*WHAT THE TASK ASKS*:
From the first line below to the last, reproduce the material exactly and leave out the images.

Segment Start: GIVEN DATA

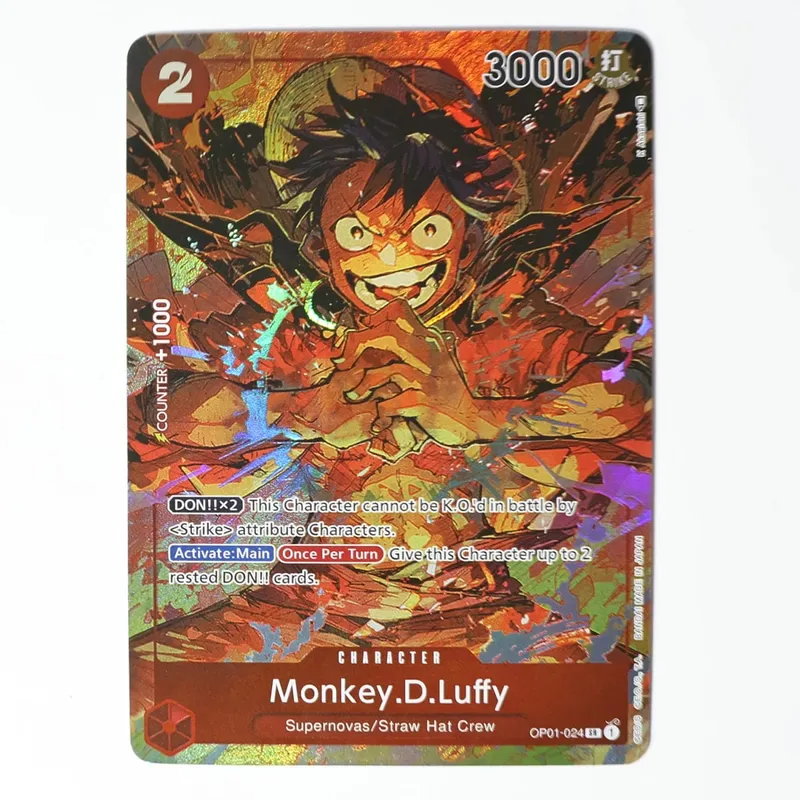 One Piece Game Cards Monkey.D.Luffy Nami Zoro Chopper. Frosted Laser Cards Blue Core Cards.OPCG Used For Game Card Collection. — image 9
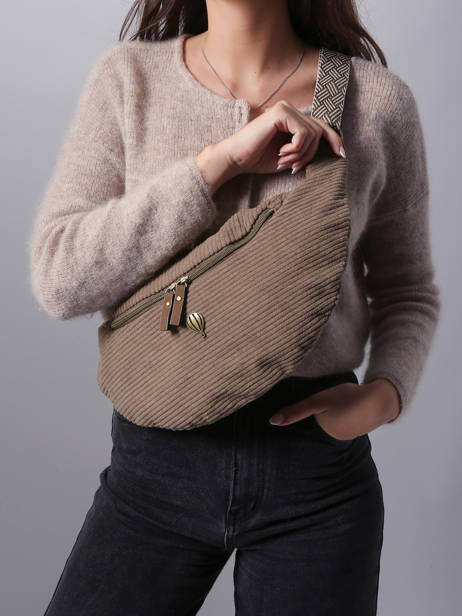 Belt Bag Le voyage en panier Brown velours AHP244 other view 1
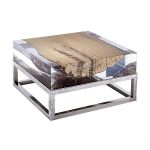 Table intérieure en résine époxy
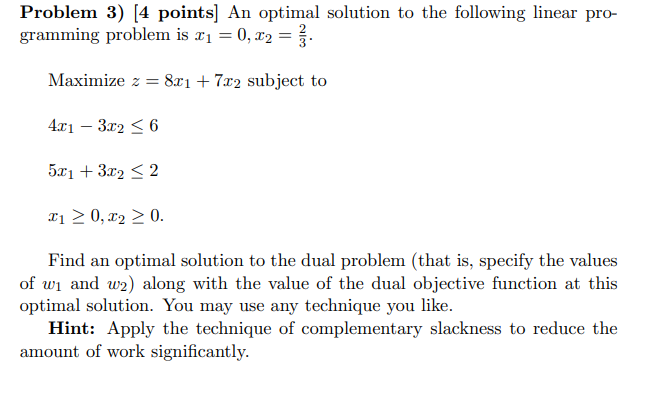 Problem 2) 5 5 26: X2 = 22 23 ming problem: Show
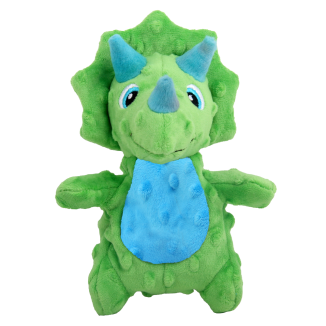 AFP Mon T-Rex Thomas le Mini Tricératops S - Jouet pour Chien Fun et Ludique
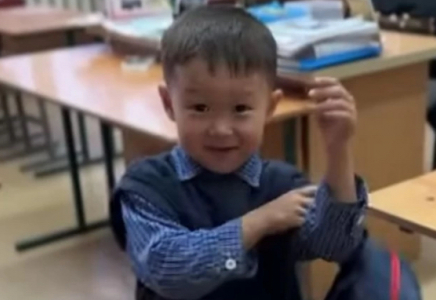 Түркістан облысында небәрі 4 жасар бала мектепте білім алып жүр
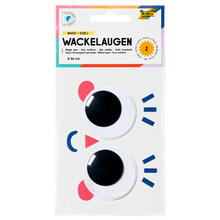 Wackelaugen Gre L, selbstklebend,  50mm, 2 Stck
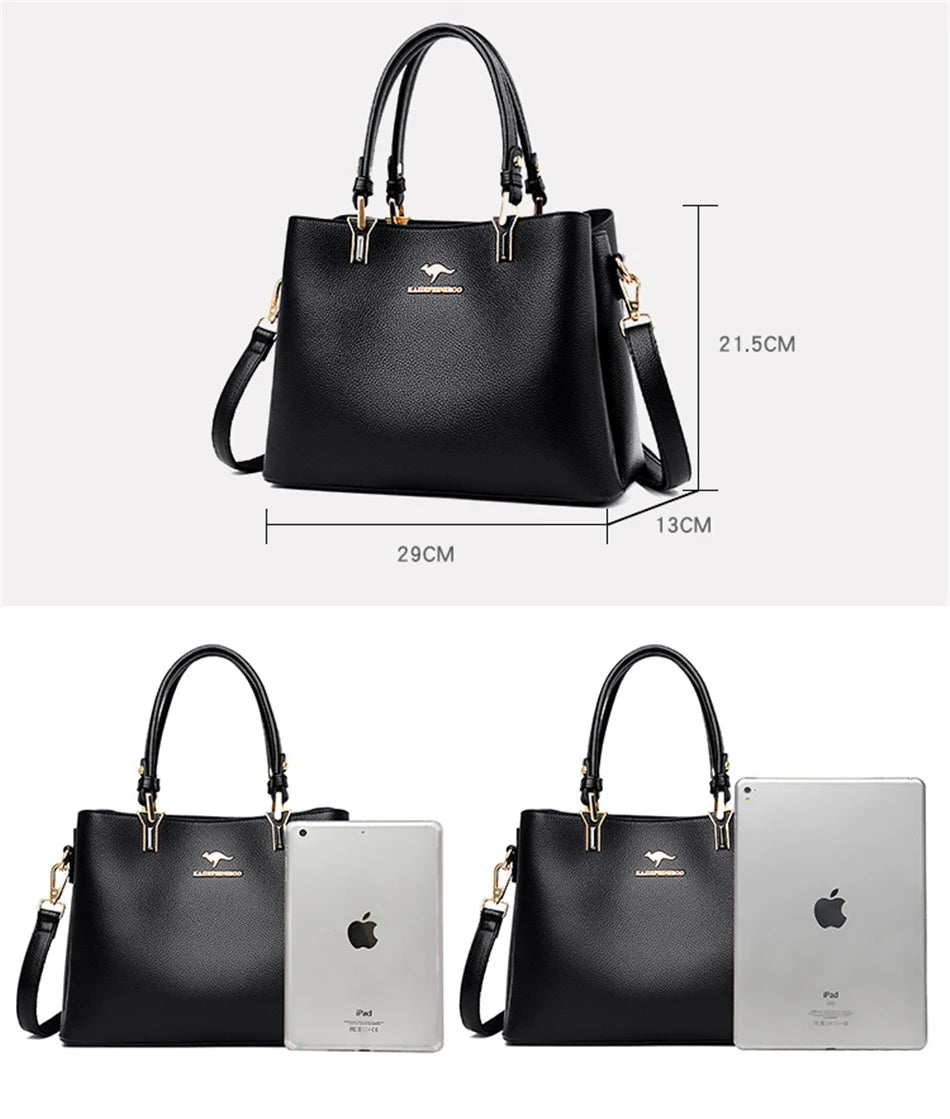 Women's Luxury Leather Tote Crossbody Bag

Segment End: GIVEN DATA

*FINISHED EXERCISE*:
 One Piece Game Cards Monkey.D.Luffy Nami Zoro Chopper. Frosted Laser Cards Blue Core Cards.OPCG Used For Game Card Collection. — image 9
 Belt Bag Le voyage en panier Brown velours AHP244 other view 1
 Table intérieure en résine époxy
 Problem 2) 5 5 26: X2 = 22 23 ming problem: Show
 AFP Mon T-Rex Thomas le Mini Tricératops S - Jouet pour Chien Fun et Ludique
 Түркістан облысында небәрі 4 жасар бала мектепте білім алып жүр
 Wackelaugen Gre L, selbstklebend,  50mm, 2 Stck
 Women's Luxury Leather Tote Crossbody Bag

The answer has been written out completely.